Please restate, exactly, only the lines from the beginning of the listing below through the line containing "Smiling beautiful brunette", with the pictures left out.
**** Input data
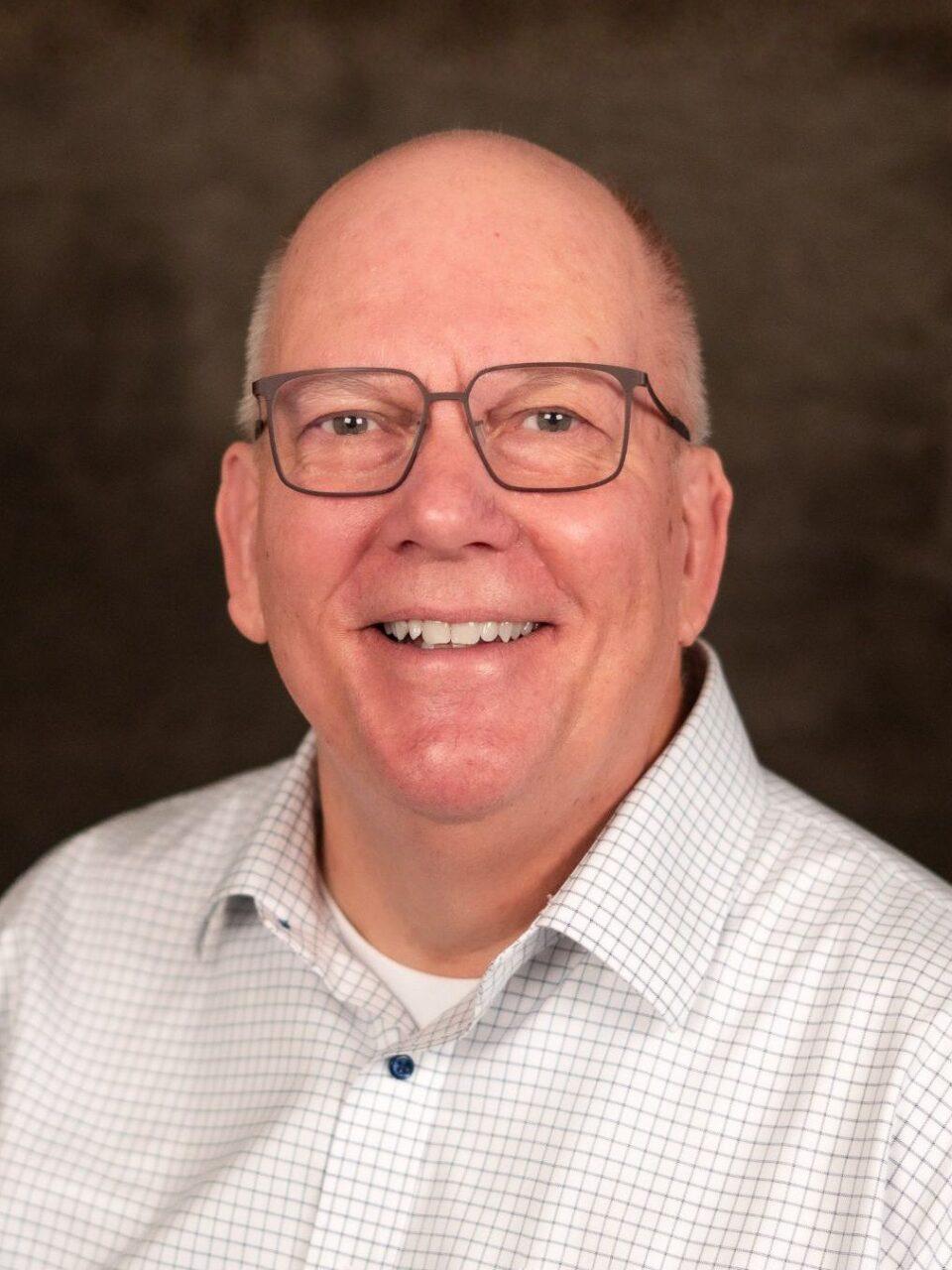 smiling adult in white button down shirtsmiling adult in white button down shirt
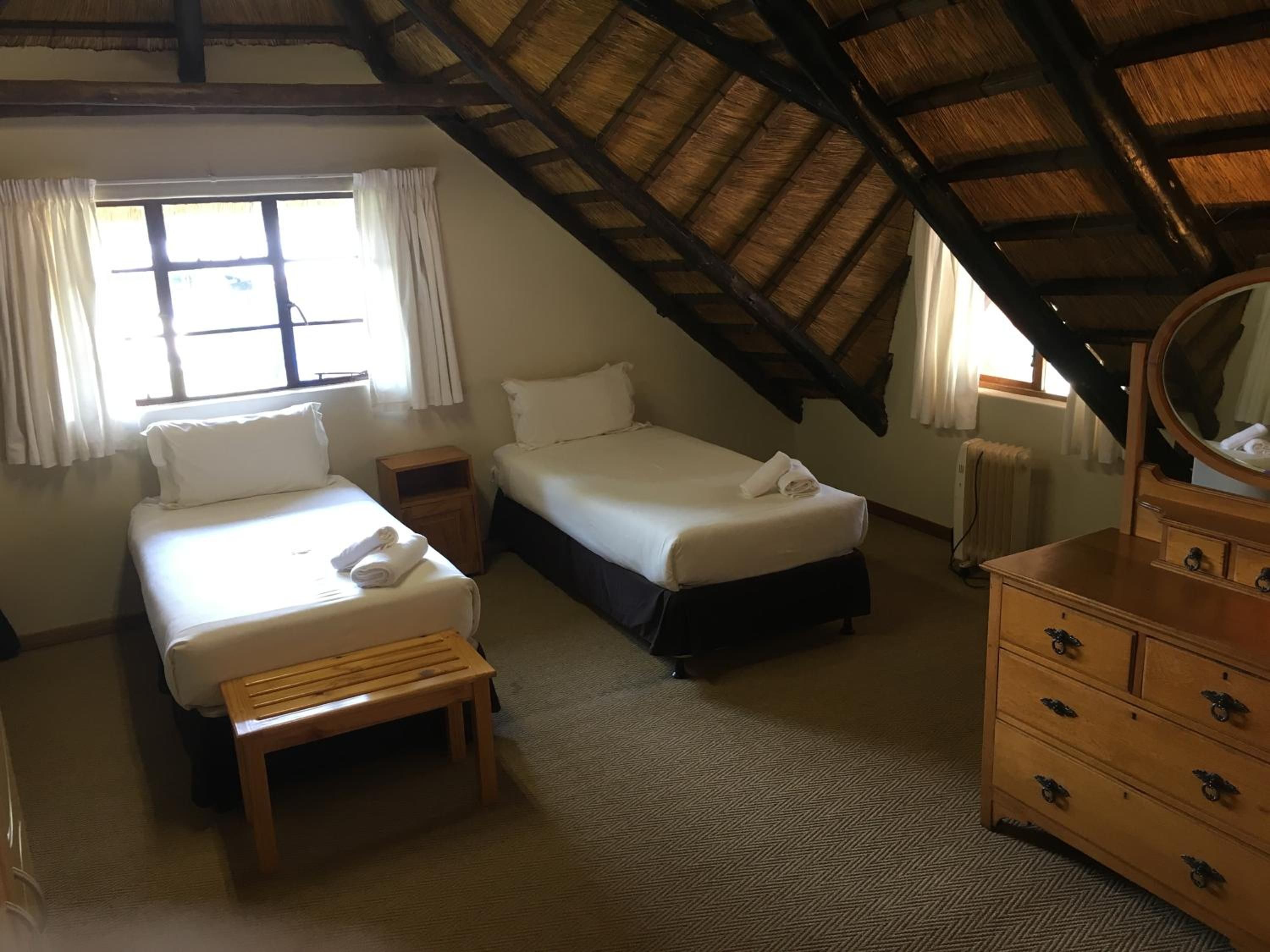 A room with two beds, a wooden bench, a dresser with drawers, and a window with curtains.
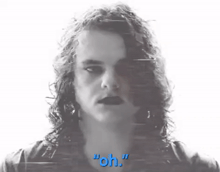 a black and white photo of a man with long hair and the words " oh " on the bottom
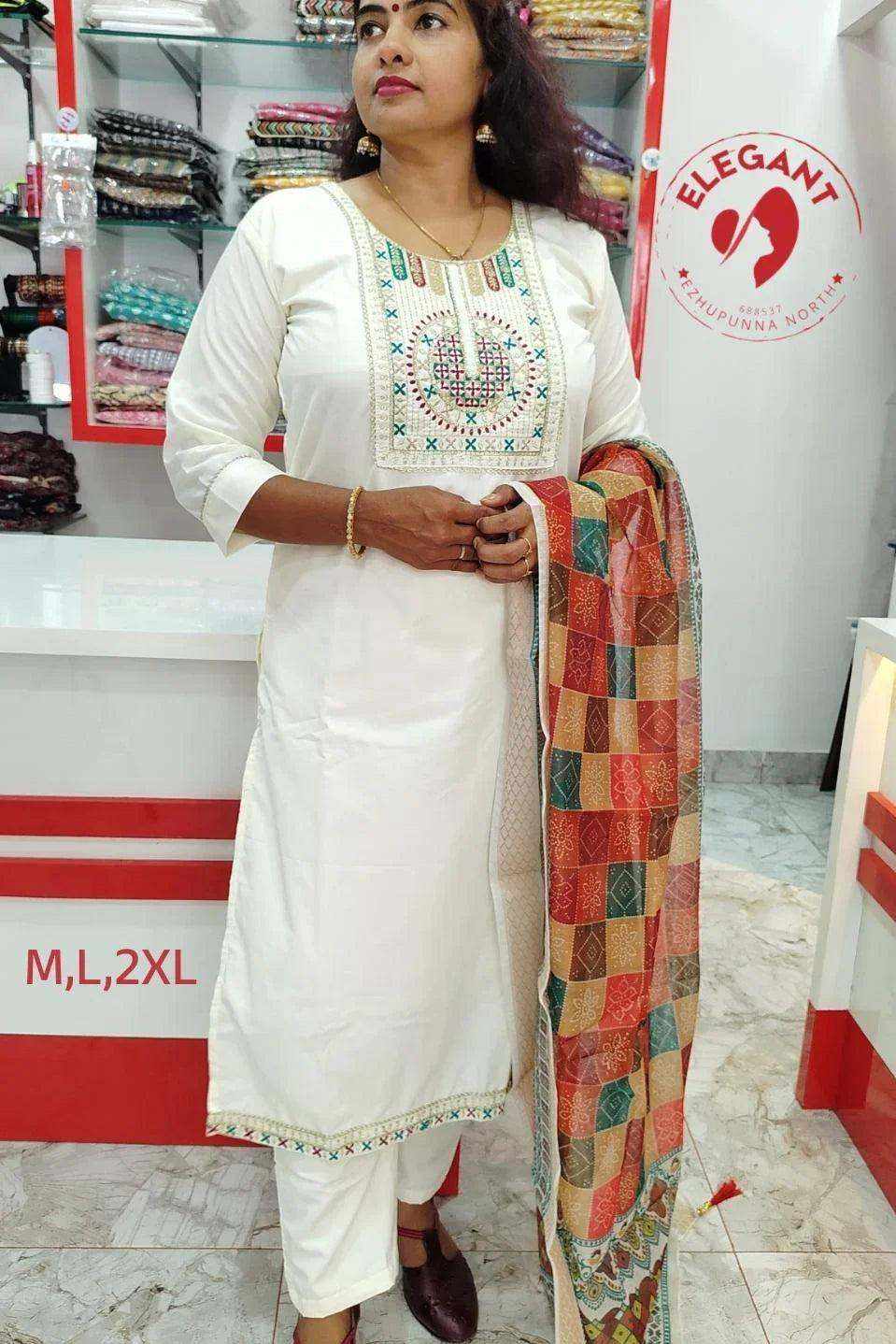 Woman wearing a white Roman Silk churidar with embroidered neckline and multicolor patterned dupatta in a clothing store.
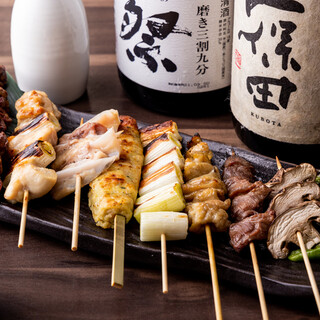 Exquisite Yakitori (grilled chicken skewers) carefully grilled over binchotan charcoal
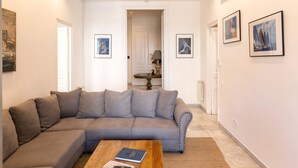 Una sala de estar con un sofá seccional gris, una mesa de centro de madera con un libro y obras de arte enmarcadas en las paredes.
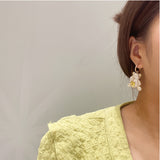 Zircon bear earrings set with pink gem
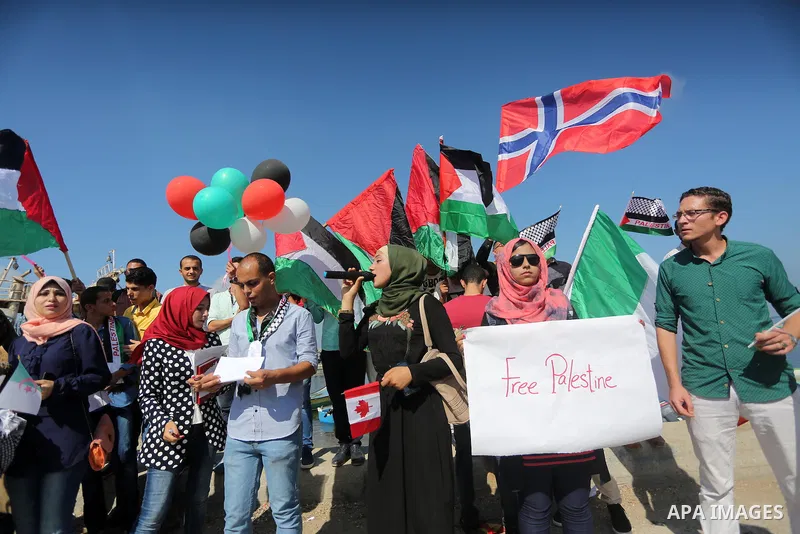 Palestinian youths hold banners during a rally to show solidarity with ship called “Zaytouna” set to arrive in Gaza, at the Seaport of Gaza City October 5, 2016. Photo by Mohammed Asad
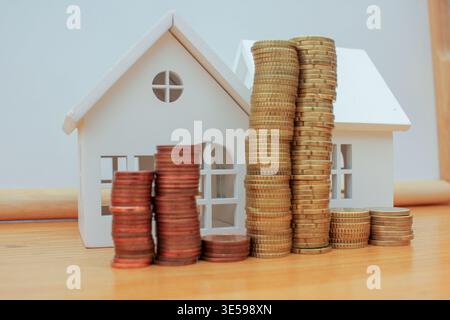 Image conceptuelle de petits modèles de maisons en bois placés derrière des tours de pièces de cents en euros, symbolisant la hausse des prix de l'immobilier, l'inflation, et le difficul Banque D'Images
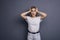 Caucasian woman in neutral casual outfit standing on a neutral grey background. Portrait with emotions: angry, pain, sickness and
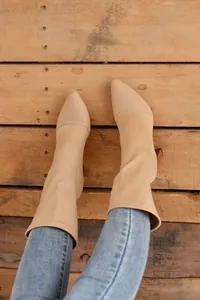 Detaillierte Ansicht beiger spitzer Stretch-Stiefel mit Blockabsatz auf Holzhintergrund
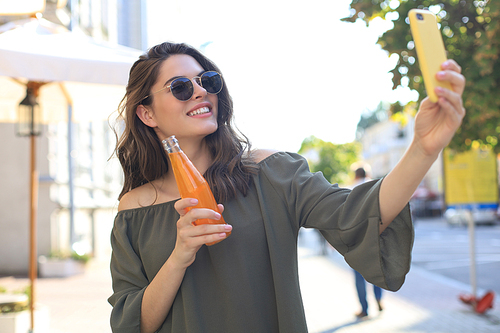 Smiling beautiful brunette woman walking outdoors by street, take selfie by mobile phone, drinking juice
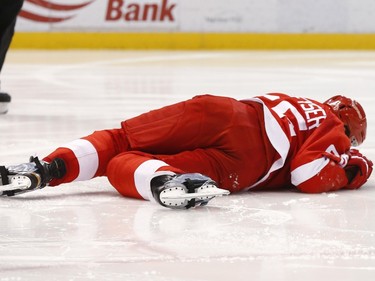 Detroit Red Wings defenseman Danny DeKeyser (65) lies on the ice after being hit by a Ottawa Senators shot in the third period.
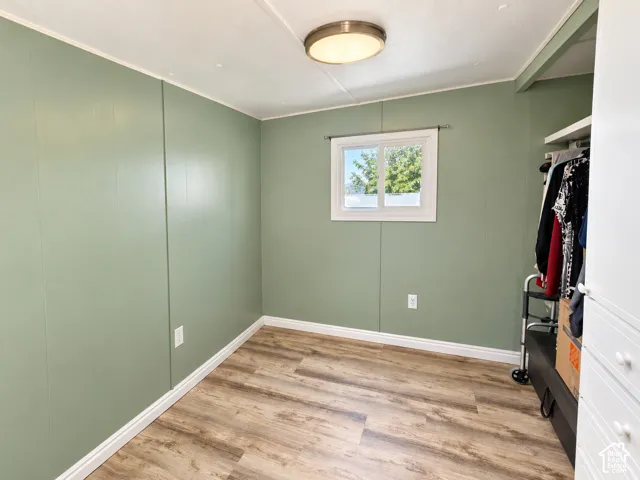 Interior space featuring wood-finish flooring, soft green walls, a white-framed slider window, a ceiling-mounted light fixture, and built-in closet storage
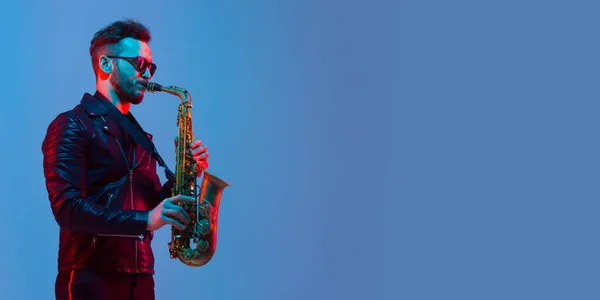 Joven músico de jazz caucásico tocando el saxofón con luz de neón, volante — Foto de Stock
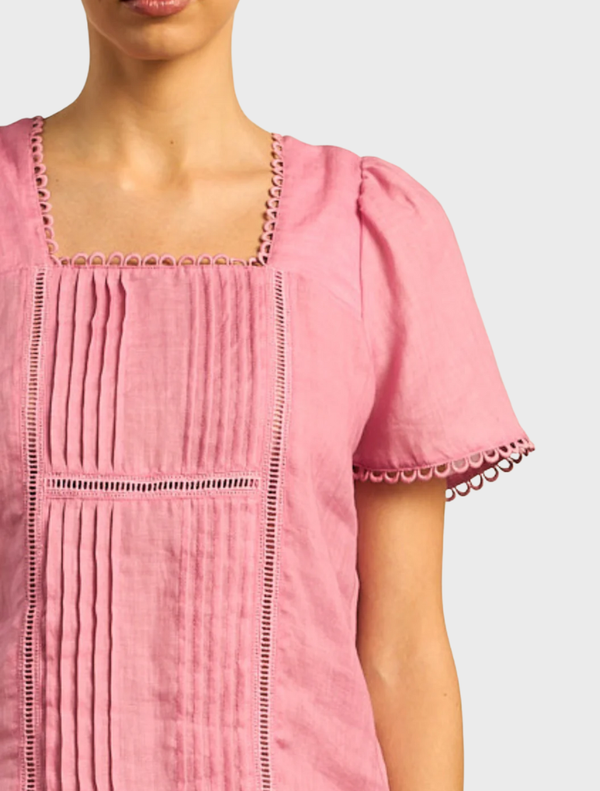 Yonder Top - Floss, showcasing a modern silhouette with intricate detailing, ideal for versatile styling options.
********
▶ **Exercise output**:
 smiling adult in white button down shirtsmiling adult in white button down shirt
 A room with two beds, a wooden bench, a dresser with drawers, and a window with curtains.
 a black and white photo of a man with long hair and the words " oh " on the bottom
 Woman wearing a white Roman Silk churidar with embroidered neckline and multicolor patterned dupatta in a clothing store.
 Exquisite Yakitori (grilled chicken skewers) carefully grilled over binchotan charcoal
 Una sala de estar con un sofá seccional gris, una mesa de centro de madera con un libro y obras de arte enmarcadas en las paredes.
 Zircon bear earrings set with pink gem
 Palestinian youths hold banners during a rally to show solidarity with ship called “Zaytouna” set to arrive in Gaza, at the Seaport of Gaza City October 5, 2016. Photo by Mohammed Asad
 Image conceptuelle de petits modèles de maisons en bois placés derrière des tours de pièces de cents en euros, symbolisant la hausse des prix de l'immobilier, l'inflation, et le difficul Banque D'Images
 Caucasian woman in neutral casual outfit standing on a neutral grey background. Portrait with emotions: angry, pain, sickness and
 Detaillierte Ansicht beiger spitzer Stretch-Stiefel mit Blockabsatz auf Holzhintergrund
 Smiling beautiful brunette woman walking outdoors by street, take selfie by mobile phone, drinking juice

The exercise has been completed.